J’ai assisté la semaine dernière au rendez-vous annuel du Manning Centre, principalement pour voir le député européen, eurosceptique, conservateur et britannique Daniel Hannan. Ce petit tour dans ce qui veut devenir le Conservative Political Action Conference (CPAC) canadien fut très éclairant.

Bien que Stephen Harper jouisse maintenant d’une majorité à la Chambre des communes, un sentiment d’inconfort et de scepticisme politique semble toujours régner autour de lui et du conservatisme canadien. Que va-t-il faire aux gais, aux femmes, aux minorités ? Bien que ces craintes soient souvent non-fondées, elles persistent obstinément au sein des médias. En occupant une partie de l’espace médiatique, elles inhibent une analyse plus intelligente du mouvement conservateur et du gouvernement en place.

C’est au cours de la conférence que j’ai compris une partie du problème : le conservatisme canadien désire trop calquer le conservatisme étatsunien. Le malaise émane de là. Le Canada n’est pas les États-Unis et ne le sera jamais.

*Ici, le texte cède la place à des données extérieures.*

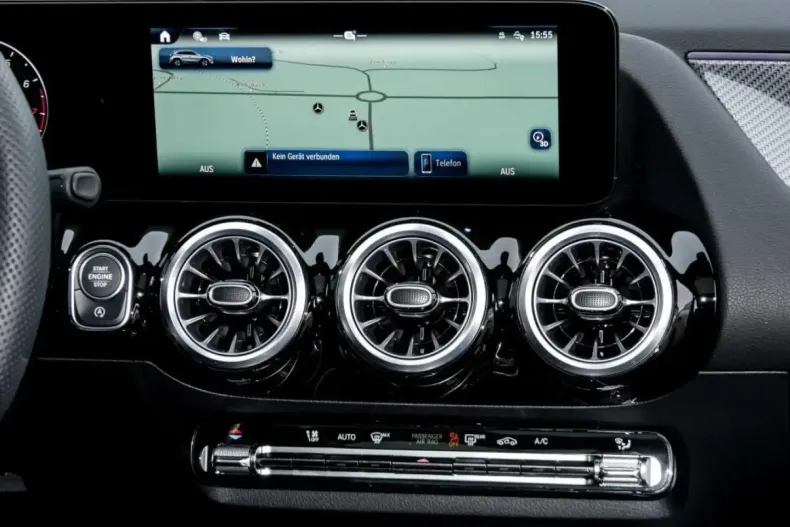 Mercedes-Benz GLA 180 din 2025 cu 7.947 km - oferta MER154925 - foto 12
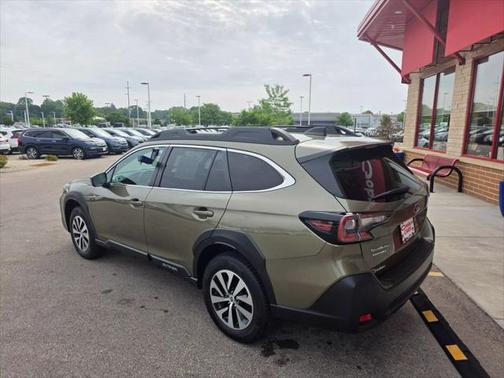 2023 Subaru Outback Premium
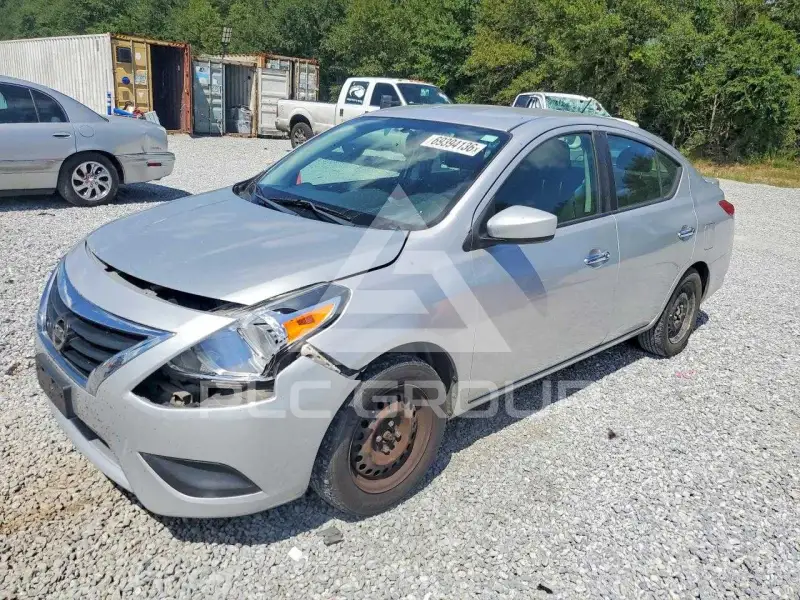 2019 Nissan VERSA photo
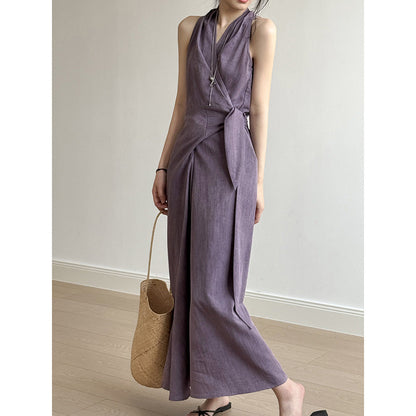 Dress for Women – Halterneck – Slim Fit – V-Neck – Knee-Length with Waistband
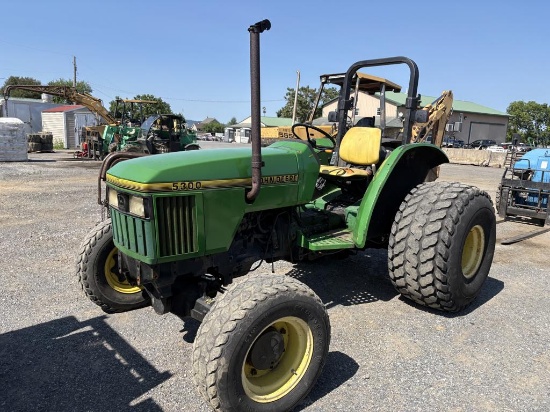 John Deere 5300 Tractor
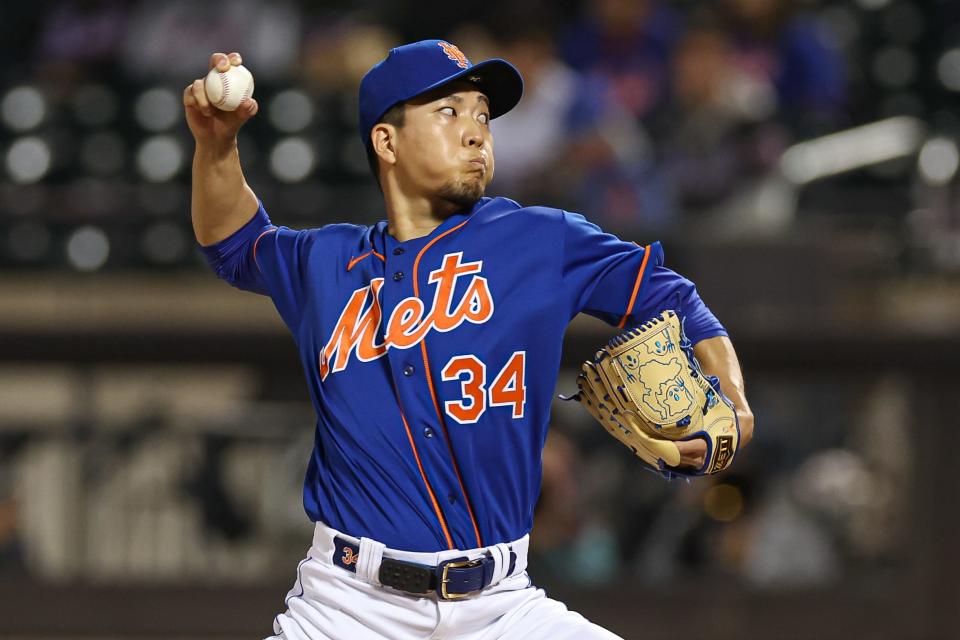 New York Mets starting pitcher Kodai Senga (34) delivers a pitch during the first inning against the Miami Marlins on Sept. 27, 2023, at Citi Field.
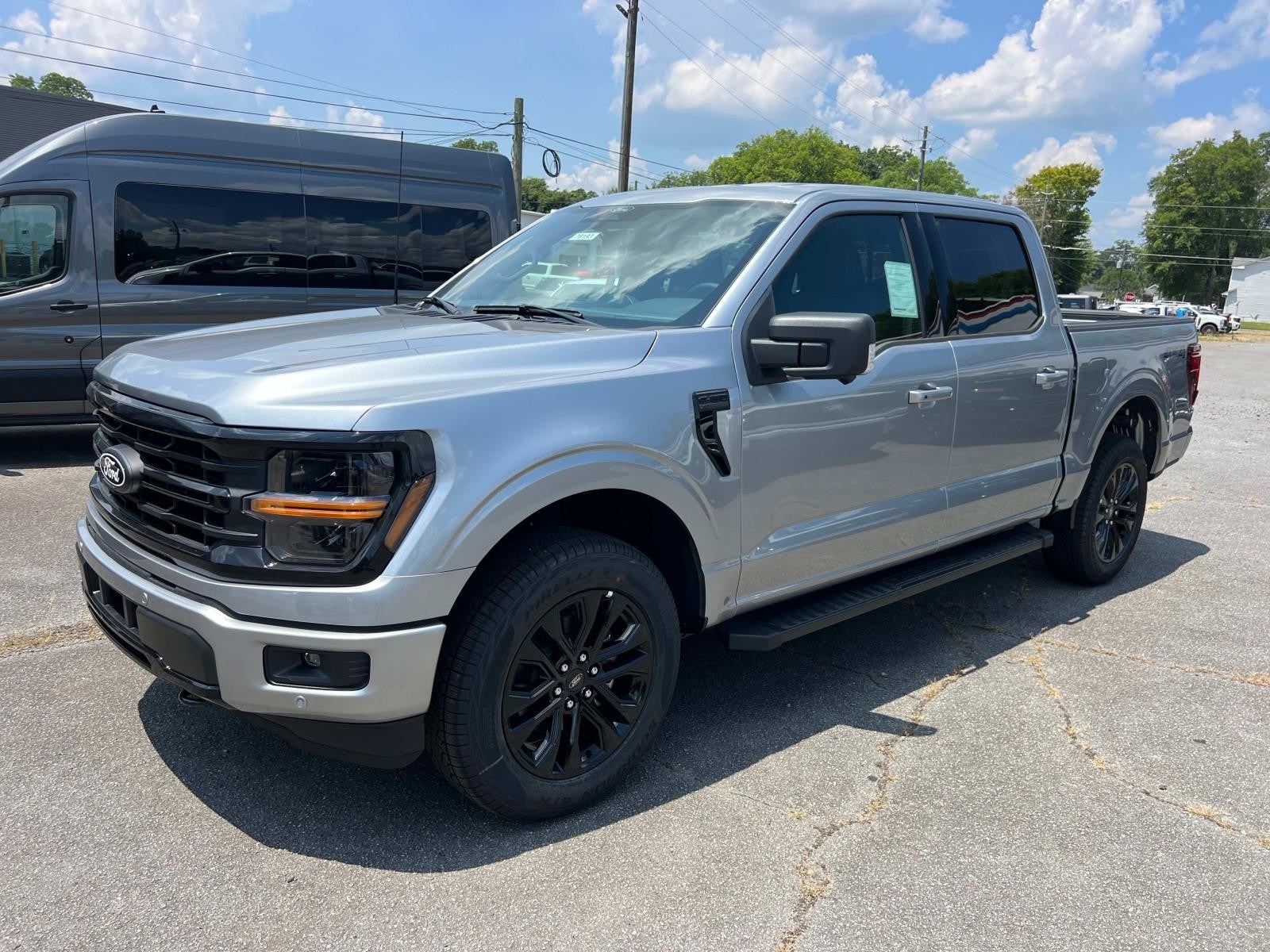 2025 Ford F-150 XLT 4WD SUPERCREW 5.5' BO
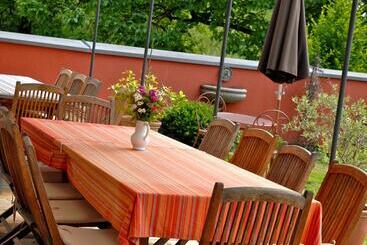 پانسیون Weingut Tauss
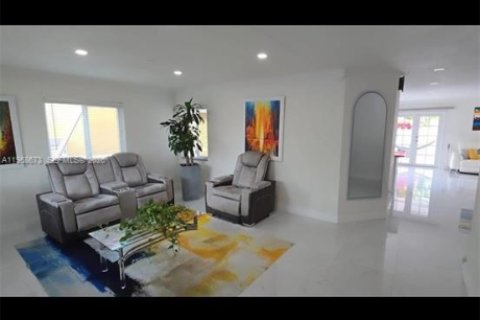 Casa en venta en Miami, Florida, 3 dormitorios, 150.13 m2 № 2031707 - foto 18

Nos sociétés sont trop différentes et nos institutions, encore plus. C’est cette seconde différence qui rend vaine la tentative de recréer l’enthousiasme conservateur étatsunien.

Pourquoi ? Parce que bien que nous soyons culturellement semblables aux Américains, nos institutions démocratiques et étatiques sont bel et bien britanniques. Notre sénat n’a rien à voir avec celui de nos voisins du Sud, le Parlement fonctionne de manière radicalement différente que le Congrès des États-Unis. La société canadienne est aussi moins ancrée dans le communautarisme religieux, perçu comme outil de rechange à l’État providence par les conservateurs étatsuniens.

Le conservatisme canadien ne sera jamais entièrement convaincant tant qu’il regardera au Sud. C’est plutôt outre-Atlantique qu’il devra trouver son inspiration. Il semblerait que c’est ce que les partisans du mouvement veulent. Lorsque Daniel Hannan a pris la parole lors du dernier panel, aucun autre invité de la conférence n’avait eu un accueil aussi chaleureux. Les applaudissements et les rires se suivaient et les spectateurs se sont empressés de lui poser une multitude de questions, ignorant presque David Wilkins, l’ancien ambassadeur des États-Unis au Canada.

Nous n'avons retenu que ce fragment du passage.